Il a souligné combien l'exercice de réflexion autour du sens d'un mot, en l'occurence celui d'Egalité, peut se réclamer d'une haute et illustre antiquité tant ce mot est utilisé à la fois par les philosophes et les juristes.
Egalité est un mot emprunté au latin, aux Romains, mais qui a porté des sens différents dans le Droit au fil des siècles. Il a été également employé, précisa Jean Foyer, dans un sens religieux. St Athanase avait appliqué le mot Egalité aux personnes de la Sainte Trinité...
En parfait latiniste qu'il est, Jean Foyer a rappelé qu'Egalité est issu d'Equalitas, et qu'on utilisait d'ailleurs le mot Equalité avant Egalité (jusqu'au XVI ème siècle). Puis le terme s'est laïcisé et la philosophie des Lumières le place dans le droit public puisqu'on le rencontre dans la Déclaration des Droits de l'Homme et dans la devise de la République.
Ce colloque montre qu'il est question d'Egalité dans de très nombreux domaines et qu'il a, en quelque sorte, "rayonné" : droit public, droit privé, droit pénal, droit international, communautaire, etc...
l'Egalité valait donc bien un colloque entier...
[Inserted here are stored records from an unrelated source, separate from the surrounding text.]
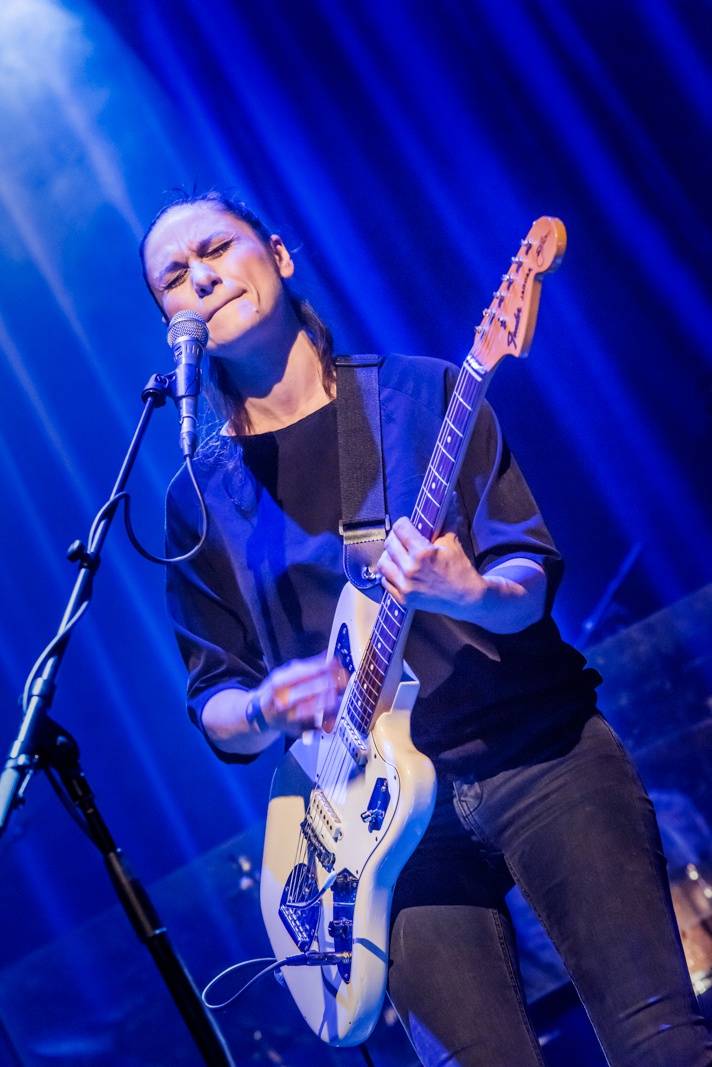 Lenka Dusilová a Baromantika oslavovali život v Brně, vystoupili i Longital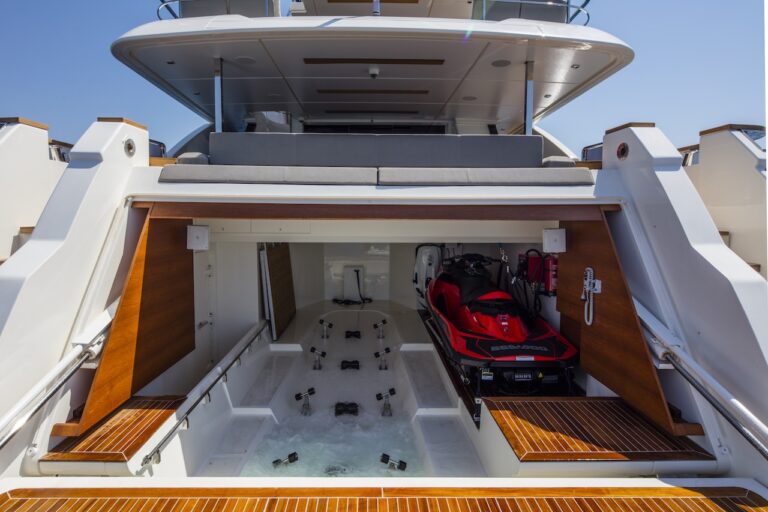 Beach Club Garage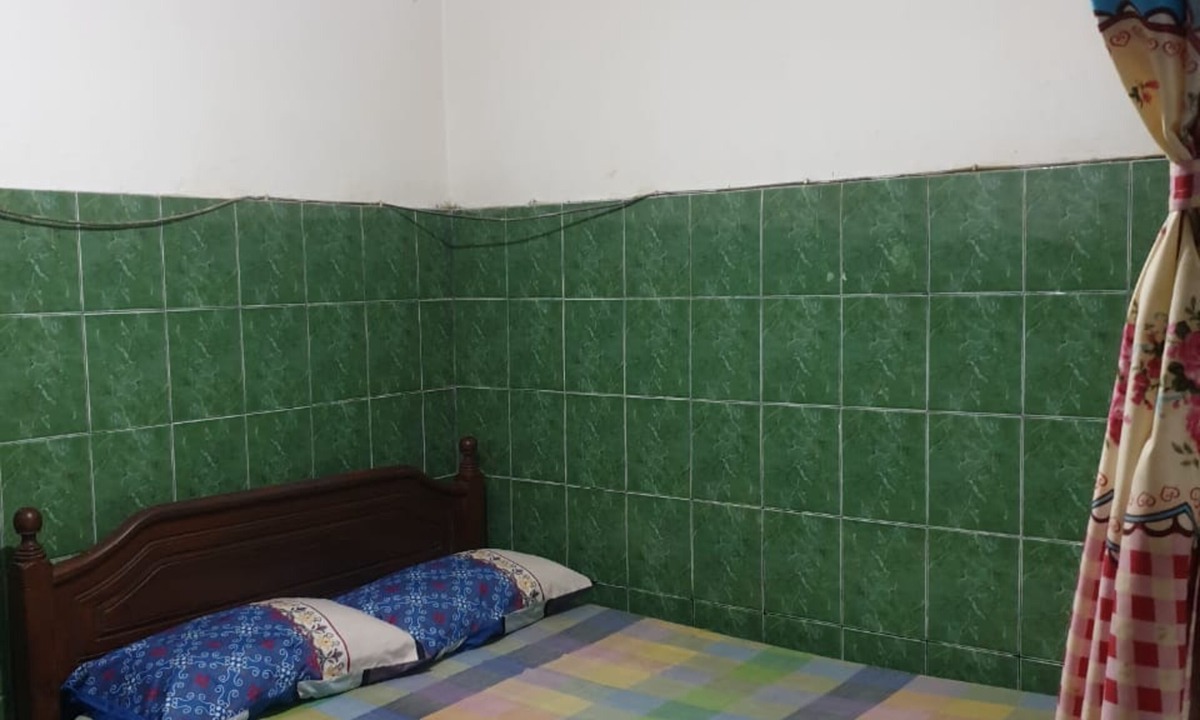 Gubeng House | Homestay Mas Arjuna - Female Only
Dans cette émission, vous entendez d'abord le philosophe, ancien recteur d'académie Bertrand Saint-Sernin traiter des "inégalités scientifiques et technologiques entre les nations". En professeur de philosophie des sciences et théorie de la connaissance qu'il fut, M. Saint-Sernin s'interroge sur les disparités entre les pays en s'appuyant sur deux éléments pour lesquels les statistiques sont fiables : le nombre de chercheurs ayant reçu un Prix Nobel ou la médaille Fields et le nombre de publications scientifiques citées. Pourquoi existe-t-il des inégalités scientifiques entre les pays ? Et pourrait-on réduire ces inégalités ? Ces questions le conduisent à aborder des notions philosophiques comme la liberté individuelle, la sagesse, la créativité, le talent et le rationalisme.
Le travail scientifique aujourd'hui ne s'opère plus uniquement de manière individuelle mais tend à devenir l'oeuvre d'un groupe ou d'une collectivité. Il y a interconnexion entre les différentes disciplines. La science est devenue intercollective. La recherche scientifique ne se présente donc plus comme elle l'était au moment de sa naissance, au XVII ème siècle. Comment favoriser la créativité quand les problèmes à résoudre relèvent d'une pluralité de disciplines ? Comment discerner ce qui pourrait être un centre de recherche créative ? Vers quel modèle s'orienter ?
La réflexion de Bertrand Saint-Sernin s'avère essentielle au moment où l'on parle en France de réorganisation de la recherche.
Seconde intervention que vous pouvez écouter ici, celle du professeur Roland Drago, professeur émérite de l'Université Panthéon-Assas (Paris II) qui a choisi de traiter des deux mots Egalité et Liberté.
Après avoir évoqué le contexte historique dans lequel ces mots apparaissent, de la Révolution à la Constitution de 1958, Roland Drago s'interroge sur les relations, hiérarchie ou absorption, entre ces deux notions dans le Droit public et dans la vie politique.
Il évoque longuement Chateaubriand qui écrit dans ses Réflexions politiques : "l'amour de l'égalité est la passion dominante en France", et aussi "les Français n'aiment point la liberté ; l'égalité est leur seule idole" ou encore "l'égalité et le despotisme ont des liaisons secrètes"... Mais ce ne sont là que quelques unes des phrases que cite Roland Drago dont l'analyse des deux mots chez Chateaubriand va bien au-delà.